En fait, la déception a été générale. On n’en sait pas beaucoup plus aujourd’hui sur ce que pourra faire Canal pour relever les multiples défis qui menacent sa survie et sur la possibilité de rectifier ce qu’un commentateur de BFM Business, Jamal Henni, appelle les « 7 erreurs de Vincent Bolloré ».
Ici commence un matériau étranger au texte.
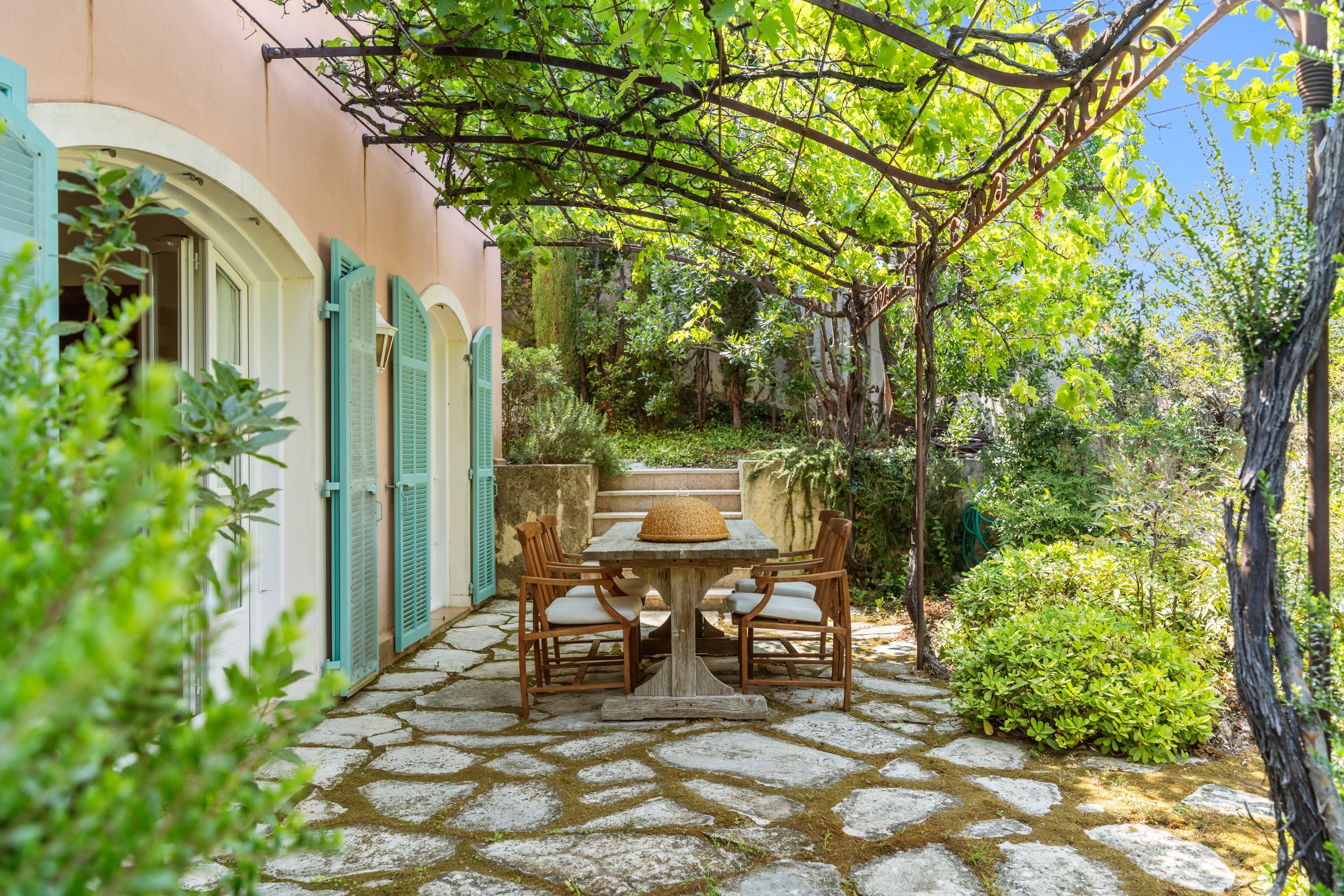  Luxury Provençal villa with panoramic sea views for sale in Menton, near Monaco - 物件實景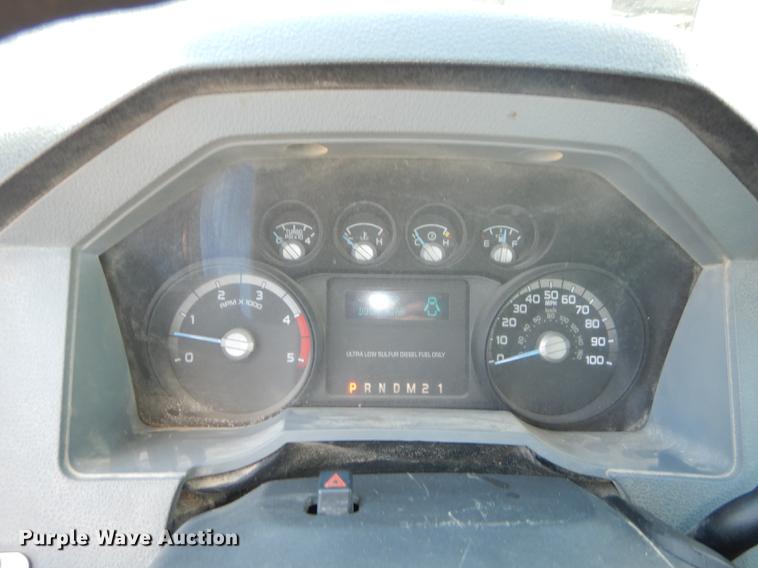 image for item DF1759 2013 Ford F350 Super Duty XL Super Cab pickup truck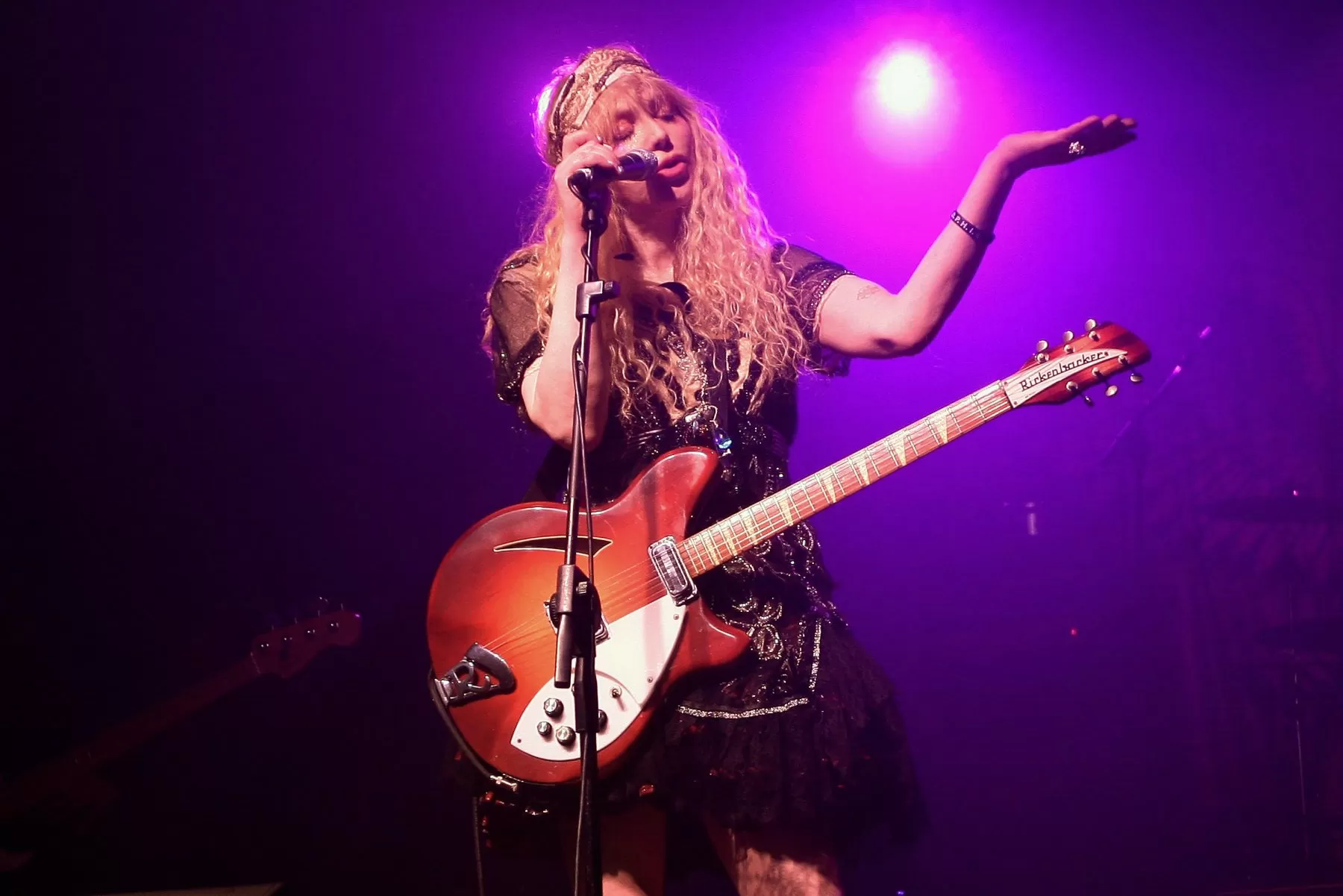 Courtney Love Clarifies Melissa Auf der Maur Gig Talk — ‘No Hole Reunion’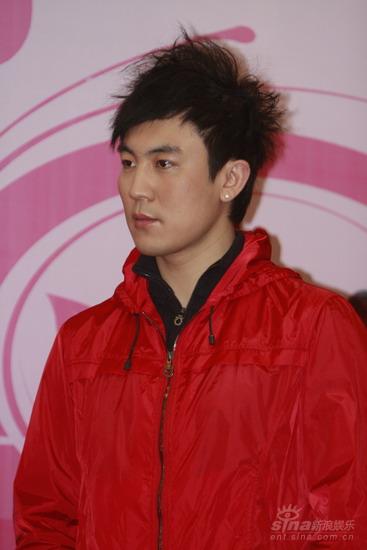 图文:《爱得起》首映--谭俊彦帅气侧脸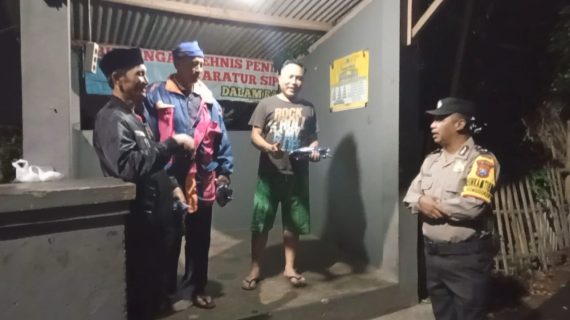 Bhabinkamtibmas Songgokerto Lakukan Patroli Dialogis Wujudkan Keamanan dan Ketertiban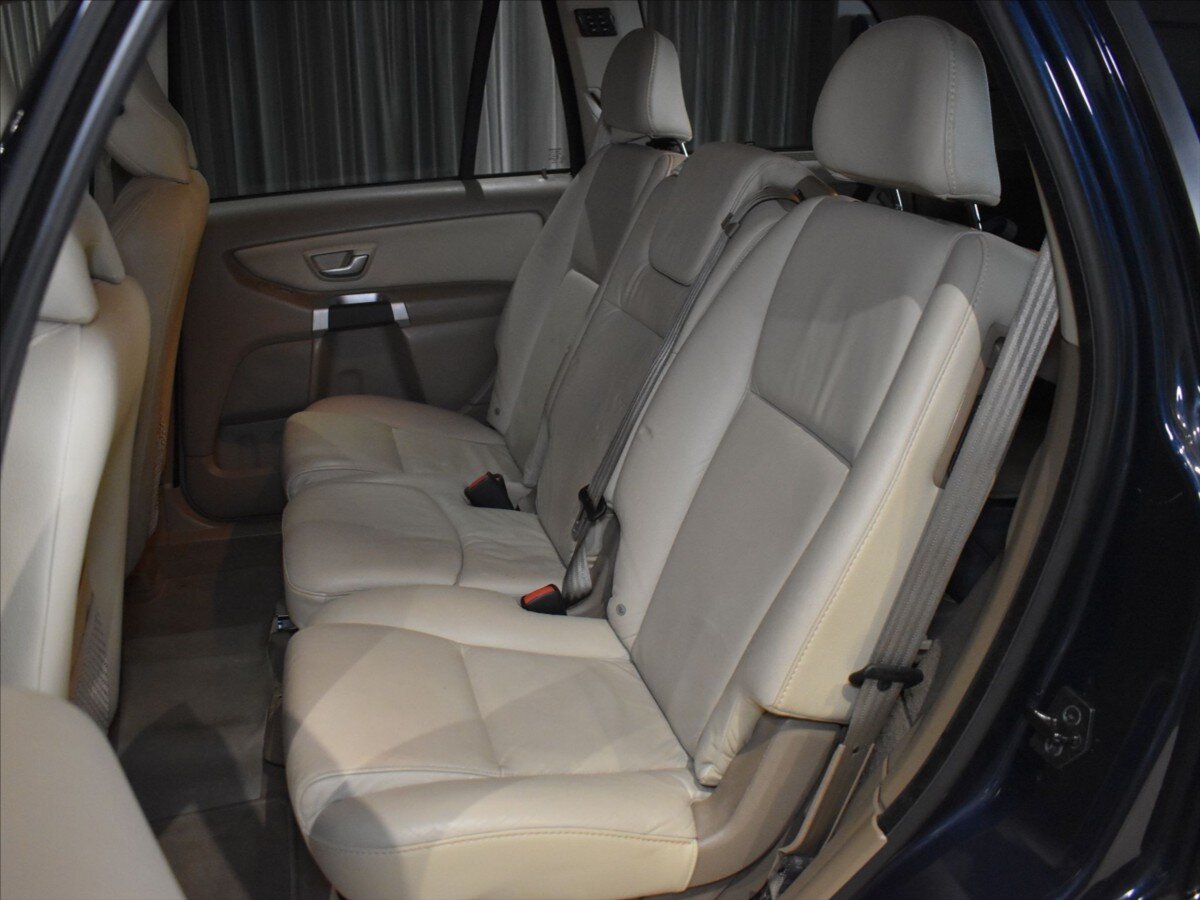 Volvo XC90 SUV / Terénní 2,4 l 147 kw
Ce cas n’est malheureusement pas unique. On s’interroge aussi sur ce que veulent faire Patrick Drahi et Xavier Niel, deux hommes qui ont pris récemment d’importantes responsabilités dans les medias mais dont les projets restent pour le moins obscurs. Alors que de grands groupes européens comme Springer, Schibsted ou Ringier se développent de manière dynamique et cohérente à l’international et dans le numérique, on a le sentiment que les groupes français hésitent à s’engager au-delà d’opérations financières fructueuses mais de portée limitée.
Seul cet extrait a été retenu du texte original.